CITEGO provides, depending on the case, methodological support, an external view, an innovative view, a contradiction (to shake up and deepen the reflections) or editorial support. The aim is to identify guiding principles, common to the experiences, despite or because of the diversity of contexts, from the confrontation between the cases.

One of the instruments of this capitalization is the mirror committee, which brings together diverse expertise throughout the production process to facilitate questioning and taking a step back.

Valuing the experience

The Documentary collection is a showcase of the wealth of experience acquired on various issues relating to the transition of territories and governance.It can be seen as a living, interactive and updated dictionary, which makes it possible to bring in content/knowledge, to link it to other subjects and to create new content.

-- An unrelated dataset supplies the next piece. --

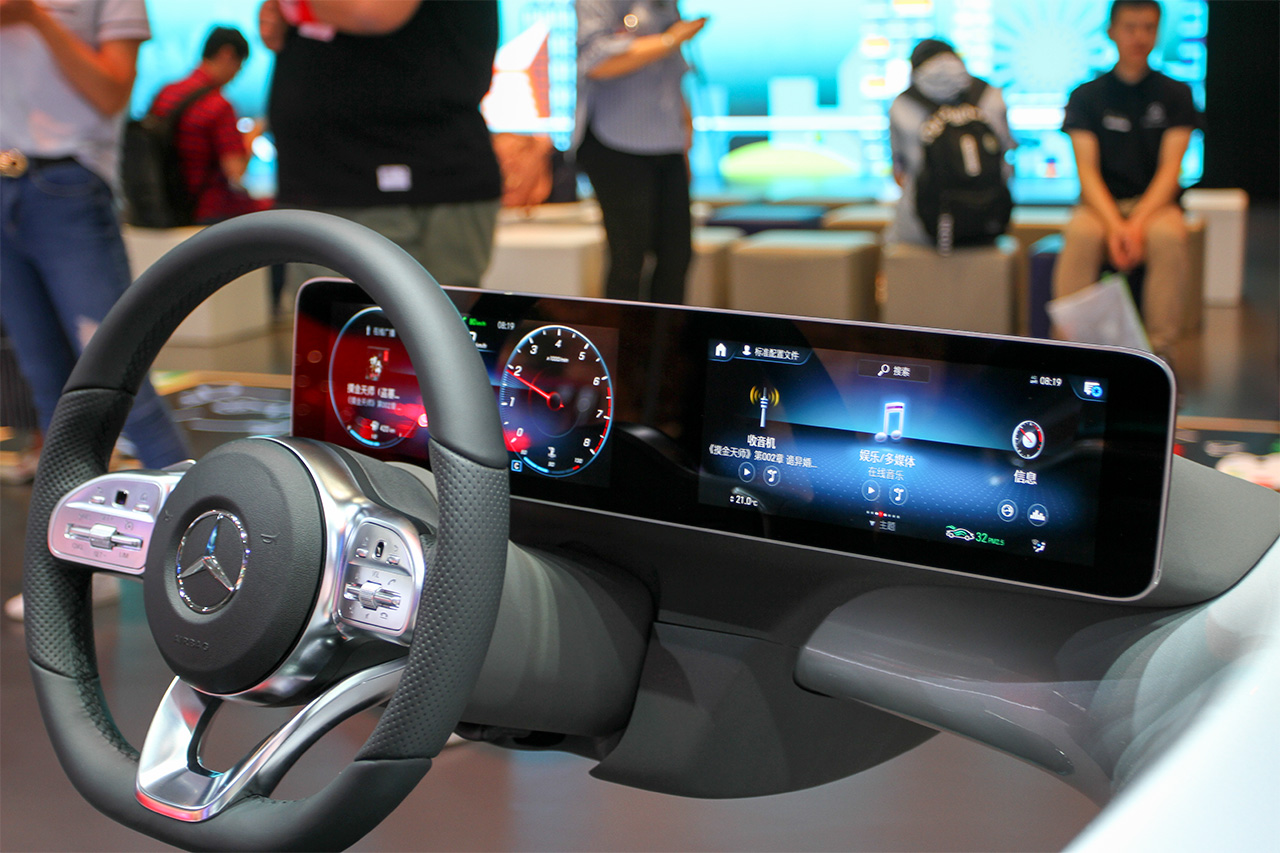 梅赛德斯-奔驰进一步集成人工智能 可通过MBUX语音助手进行类人对话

As an aggregator and scheduler of the diversity and richness of available documentary resources, it visually and technically puts into practice the decompartmentalization. All the documents made available are indexed by the relational atlas. As a digital tool for semantic mapping, the relational atlas enables the actors, themes and means of action to be "pulled together".

The partnerships developed around the capitalization of experience make it possible to produce content that can enrich the entries in the atlas and thus the documentary collection.

Participating in the development of knowledge while being as far upstream as possible in its production, to facilitate its indexing and linkage to the atlas is a challenge for CITEGO.

Representing and managing territories differently; putting their actors in dialogue

The Relational Atlas and its free software are available to local actors to overcome compartmentalization, learn from international experience, facilitate exchange between public and private actors in a territory. To do this, the starting point is a shared issue, such as the development of local agri-food systems. We invite each actor to say what this issue is linked to for him or her and we compare these different points of view. Then we look at the links proposed by the relational atlas. They are certainly less abundant than those identified locally. By combining the two we can draw the "local map" of the links of local agri-food systems. Then we ask ourselves what we can learn from the experience of other territories and for this we look for experience records (including in this example distance learning) that deal with the different topics related to the issue of local agri-food systems, so as to feed the multi-actor reflection at the local level.

Citego does not have the human resources to directly support this type of dialogue between actors but is ready to technically train the facilitators of a territory to enable them to conduct this type of dialogue.

Ongoing Training

CITEGO is developing training mechanisms, including open and massive online conferences (CLOM/MOOC) with the aim of building learning communities and developing permanent collective learning capacities.

The transfer to the collective of the knowledge created by the processes of capitalization and of the "relations" between this knowledge and other works (relations made perceptible in the documentary collection by the relational atlas) is an essential stage in the mediation cycle, with a view to creating learning communities.